## Exercise aim
The response should be the records below, repeated exactly, with each picture left out.

** Exercise data follows **

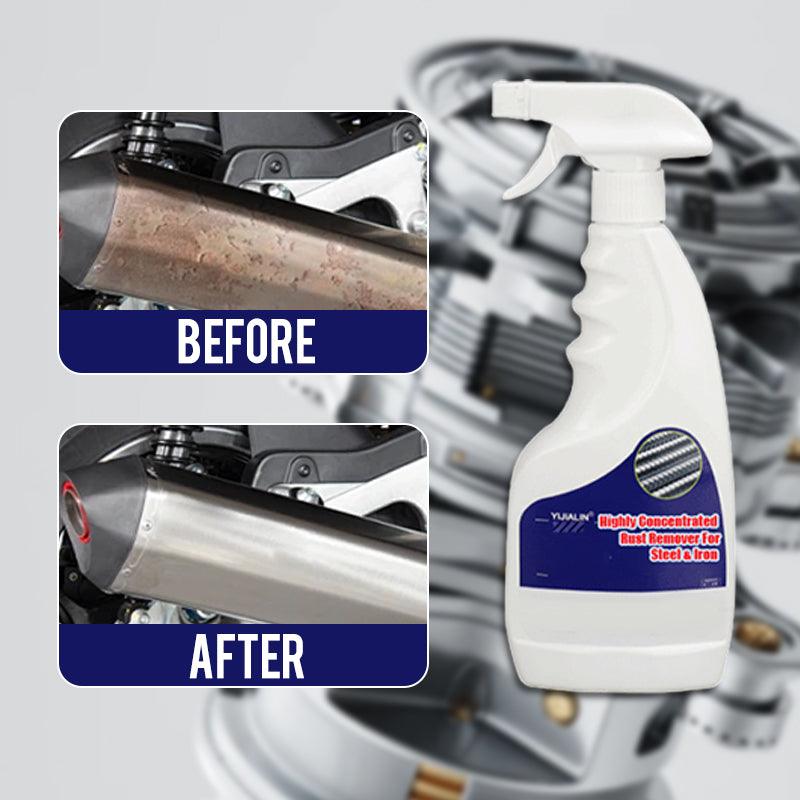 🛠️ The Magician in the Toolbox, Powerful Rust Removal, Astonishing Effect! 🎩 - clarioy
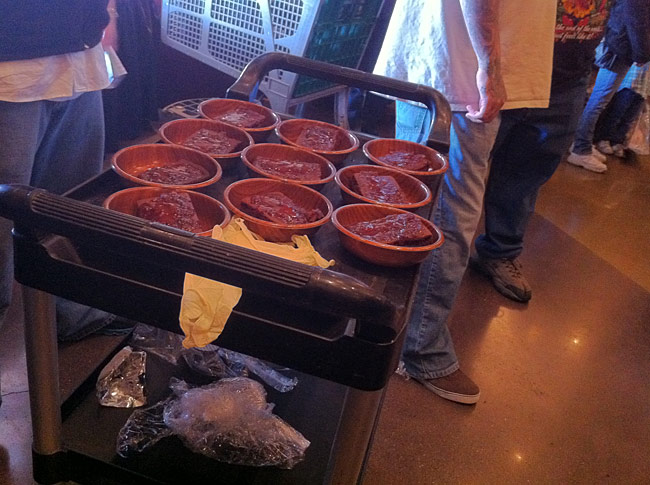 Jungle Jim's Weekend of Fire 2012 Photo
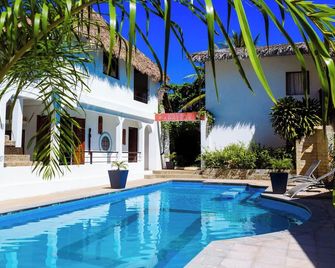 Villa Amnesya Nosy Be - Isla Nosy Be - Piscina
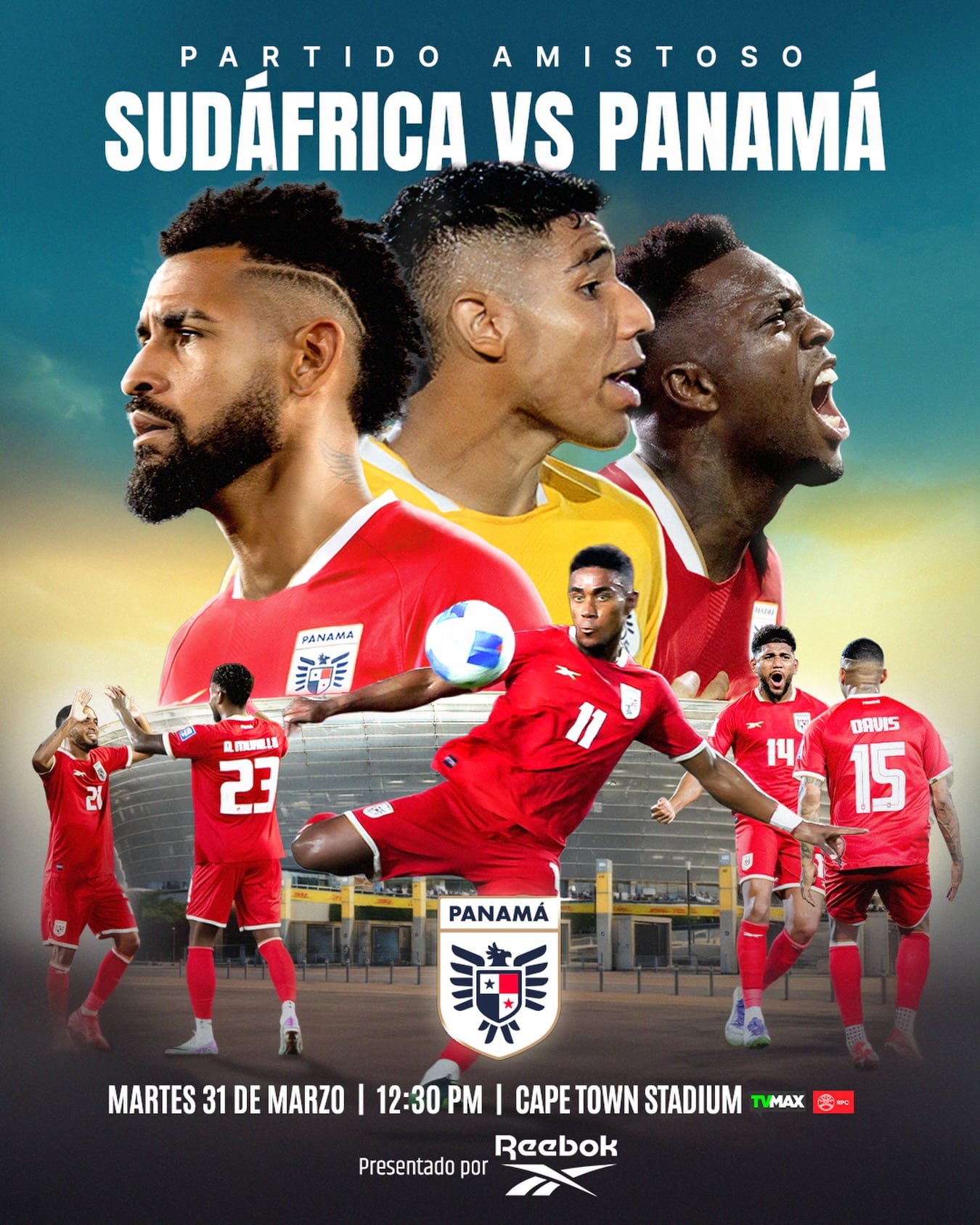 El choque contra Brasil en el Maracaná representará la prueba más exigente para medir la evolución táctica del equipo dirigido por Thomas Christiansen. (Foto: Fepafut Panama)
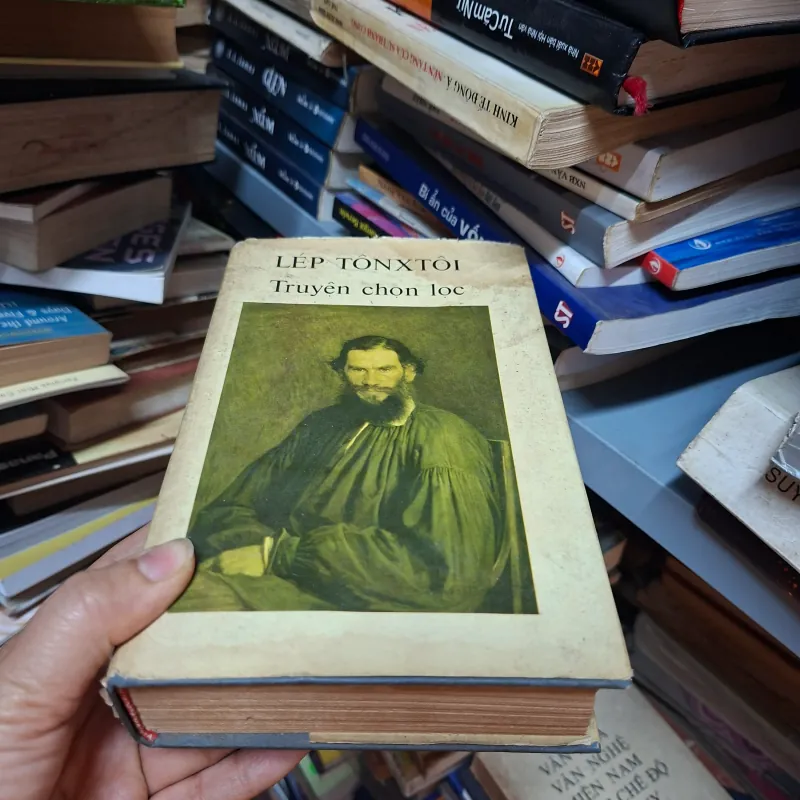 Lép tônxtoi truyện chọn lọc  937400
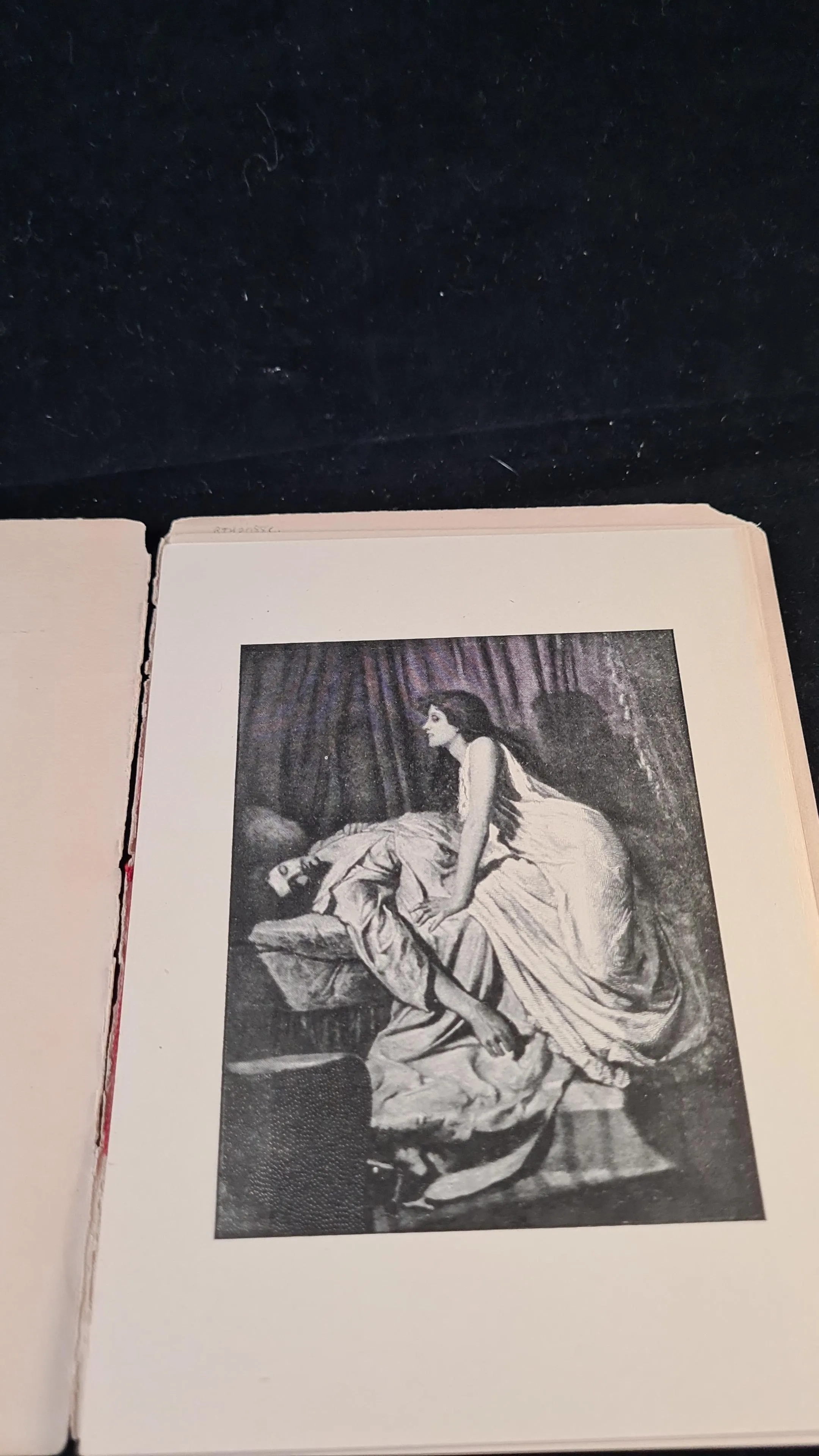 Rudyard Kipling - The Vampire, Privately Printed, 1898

** End of Exercise data **

## Reply to the task
 🛠️ The Magician in the Toolbox, Powerful Rust Removal, Astonishing Effect! 🎩 - clarioy
 Jungle Jim's Weekend of Fire 2012 Photo
 Villa Amnesya Nosy Be - Isla Nosy Be - Piscina
 El choque contra Brasil en el Maracaná representará la prueba más exigente para medir la evolución táctica del equipo dirigido por Thomas Christiansen. (Foto: Fepafut Panama)
 Lép tônxtoi truyện chọn lọc  937400
 Rudyard Kipling - The Vampire, Privately Printed, 1898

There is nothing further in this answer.